I was diagnosed with Thymic Carcinoma in July 2002 after my Doctor noticed something in the front of my neck. After an ultrasound in emergency they found that I had blood clots in my juggular vein and a vein across my shoulder. I was only 39 and when they did the CT scan they found that I had a tumour the size of a tennis ball that had wrapped itself around my superior vena cava (which caused the blood clots). It took 34 days to diagnos and then I had to remain on blood thinner shots (one a day to my tummy)until they decided if surgery was an option after they tried to shrink the tumour. I had 31 radiation treatments, 2 rounds of 3 days each with Cisplatin and Etopaside (I had an allergic reaction to the base that they put the chemo in and was very sick). Then they switched me to Doxil for another 4 rounds. I then had surgery in May 2003(which involved breaking my breast bone)to remove my thymus gland, the tumour, some of the outer lining of my heart and part of my right lung.
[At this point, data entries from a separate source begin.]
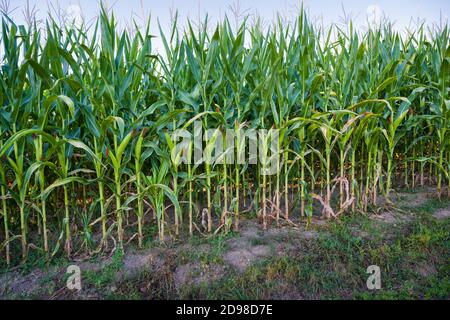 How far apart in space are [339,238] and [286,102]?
3.95 ft

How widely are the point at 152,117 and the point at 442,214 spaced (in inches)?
114

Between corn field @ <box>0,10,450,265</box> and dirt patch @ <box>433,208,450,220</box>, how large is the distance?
0.33 m

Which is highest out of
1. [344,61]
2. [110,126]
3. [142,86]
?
[344,61]

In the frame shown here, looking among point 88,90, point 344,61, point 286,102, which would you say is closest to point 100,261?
point 88,90

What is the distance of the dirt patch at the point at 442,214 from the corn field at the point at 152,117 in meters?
0.33

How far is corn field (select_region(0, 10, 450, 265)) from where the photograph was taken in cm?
217

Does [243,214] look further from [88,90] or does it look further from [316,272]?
[88,90]

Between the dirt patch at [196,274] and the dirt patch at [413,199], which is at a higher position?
the dirt patch at [413,199]

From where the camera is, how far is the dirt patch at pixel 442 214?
9.33ft

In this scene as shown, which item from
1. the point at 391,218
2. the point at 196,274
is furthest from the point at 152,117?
the point at 391,218

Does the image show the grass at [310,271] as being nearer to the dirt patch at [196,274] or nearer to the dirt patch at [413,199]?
the dirt patch at [196,274]

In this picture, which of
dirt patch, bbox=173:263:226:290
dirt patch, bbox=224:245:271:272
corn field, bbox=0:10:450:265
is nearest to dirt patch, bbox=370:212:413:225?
corn field, bbox=0:10:450:265

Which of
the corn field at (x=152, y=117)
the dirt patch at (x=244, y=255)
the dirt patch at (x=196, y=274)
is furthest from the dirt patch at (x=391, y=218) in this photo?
the dirt patch at (x=196, y=274)

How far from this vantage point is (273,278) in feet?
6.63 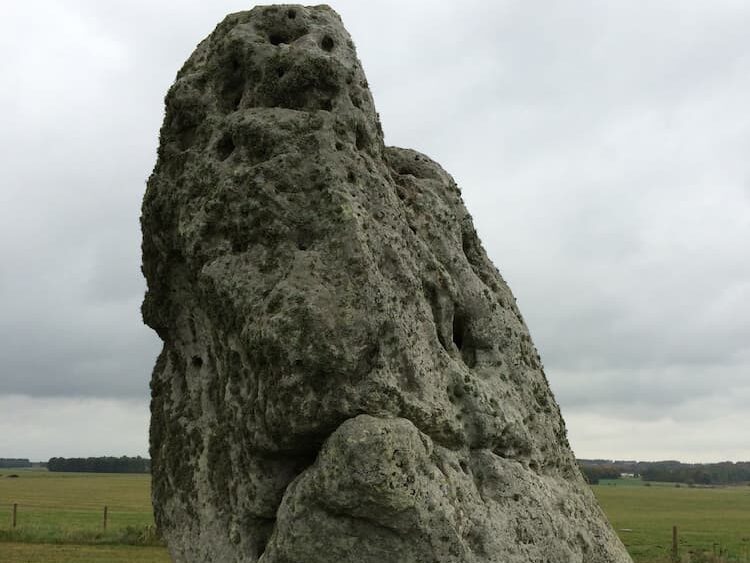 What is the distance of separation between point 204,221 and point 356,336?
7.29ft

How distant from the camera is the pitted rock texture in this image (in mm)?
6473

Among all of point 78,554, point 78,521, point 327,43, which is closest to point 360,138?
point 327,43

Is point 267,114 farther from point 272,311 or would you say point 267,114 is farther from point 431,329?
point 431,329

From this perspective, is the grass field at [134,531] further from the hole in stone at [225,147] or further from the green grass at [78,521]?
the hole in stone at [225,147]

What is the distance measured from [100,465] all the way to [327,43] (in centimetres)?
16390

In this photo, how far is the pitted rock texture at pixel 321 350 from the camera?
21.2 feet

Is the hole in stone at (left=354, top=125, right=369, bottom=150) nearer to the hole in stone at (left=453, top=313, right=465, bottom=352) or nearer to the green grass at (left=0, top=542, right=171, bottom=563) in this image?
the hole in stone at (left=453, top=313, right=465, bottom=352)

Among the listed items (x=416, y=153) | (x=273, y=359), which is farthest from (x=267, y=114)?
(x=416, y=153)

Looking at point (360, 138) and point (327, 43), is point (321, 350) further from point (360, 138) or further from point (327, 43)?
point (327, 43)

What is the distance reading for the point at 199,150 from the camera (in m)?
8.59

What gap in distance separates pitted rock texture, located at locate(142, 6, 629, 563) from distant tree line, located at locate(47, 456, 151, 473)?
474 ft

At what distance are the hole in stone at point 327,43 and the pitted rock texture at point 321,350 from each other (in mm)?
16

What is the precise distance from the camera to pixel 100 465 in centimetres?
15762

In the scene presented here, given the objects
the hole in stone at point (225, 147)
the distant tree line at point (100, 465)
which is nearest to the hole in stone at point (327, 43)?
the hole in stone at point (225, 147) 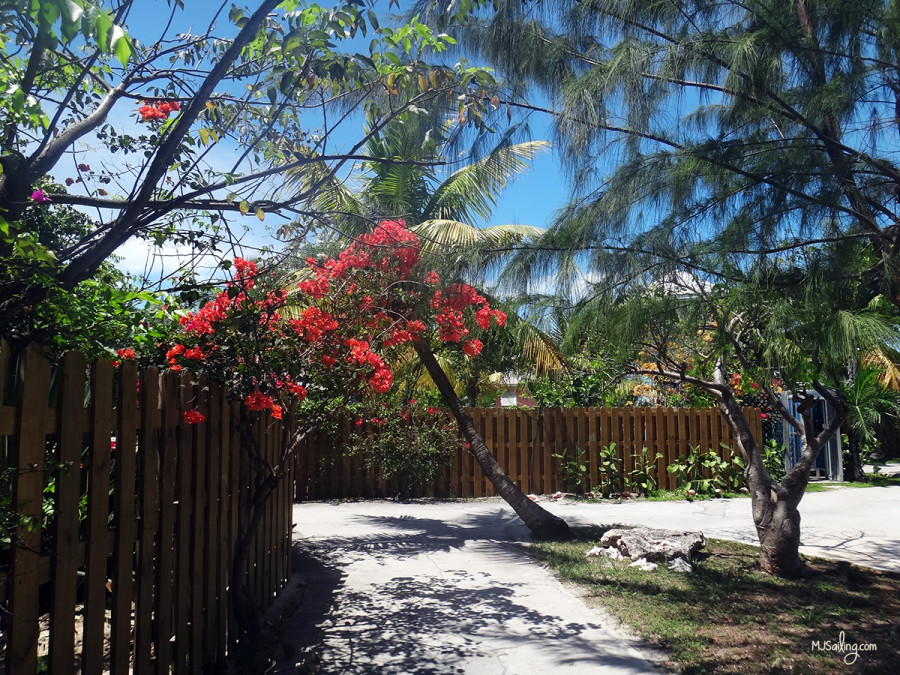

Because of the radiantion and chemo the bone in my chest hasn’t healed as of December 1, 2003. They just found a nodule on my right lung and did a needle byopsy and I’m waiting for the results. I am staying positive and hoping that this will be over soon.
This is an update.
The nodule on my right lung turned out to be two nodules that are both thymic carcinoma. The cancer is now in my blood stream and so I also have a small tumour in my left chest wall. I have had another 10 radiantion treatments 5 on my back to try to reach the tumours on my lung and 5 on my left chest. I have also had another 6 rounds of chemotherapy which did not work. The tmours seemed to grow during chemo which of course is not a good thing. My oncologist now has me on an experimental drug called Irressa, they have had some success with Irressa for small cell lung cancer and now they are trying it on some thymic carcinoma patients. I feel very positive about this new drug and am hoping it will help put this nightmare to rest for some time.